Our review of a ruling on a special motion to strike under ORS 31.150(1) is for legal error. Plotkin v. SAIF, 280 Or. App. 812, 815, 385 P.3d 1167 (2016), rev. den., 360 Or. 851, 389 P.3d 1141 (2017). “In conducting that review, we take the facts from the pleadings and from the supporting and opposing declarations and affidavits submitted to the trial court, ORS 31.150(4), and we view the facts underlying [plaintiffs’] claim[s] in the light most favorable to plaintiff[s].” Id.

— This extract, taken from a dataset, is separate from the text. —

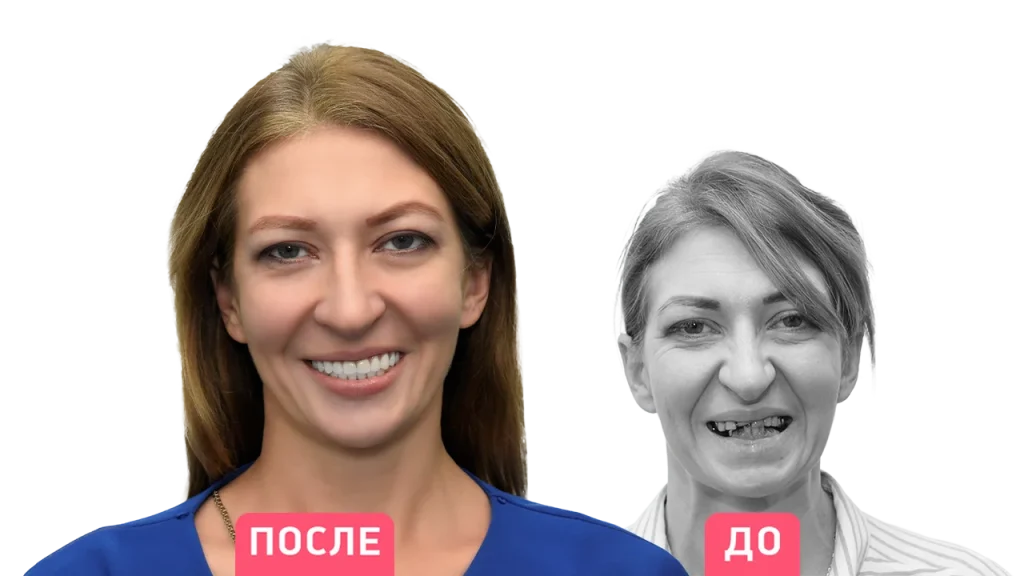 До и после имплантации зубов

ORS 31.150 provides a mechanism for a defendant to move to strike certain nonmeritorious claims predicated on speech and petitioning activity potentially entitled to constitutional protection. See id. As we have explained, the purpose of ORS 31.150 is “to provide for the dismissal of claims against persons participating in public issues * * * before the defendant is subject to substantial expenses in defending against them.” Staten v. Steel, 222 Or. App. 17, 29, 191 P.3d 778 (2008), rev. den., 345 Or. 618, 201 P.3d 909 (2009). To that end, ORS 31.150(2) identifies four categories of claims subject to its special procedure:
“A special motion to strike may be made under this section against any claim in a civil action that arises out of:
“(a) Any oral statement made, or written statement or other document submitted, in a legislative, executive or judicial proceeding or other proceeding authorized by law;
“(b) Any oral statement made, or written statement or other document submitted, in connection with an issue under consideration or review by a legislative, executive or judicial body or other proceeding authorized by law;
“(c) Any oral statement made, or written statement or other document presented, in a place open to the public or a public forum in connection with an issue of public interest; or
“(d) Any other conduct in furtherance of the exercise of the constitutional right of petition or the constitutional right of free speech in connection with a public issue or an issue of public interest.”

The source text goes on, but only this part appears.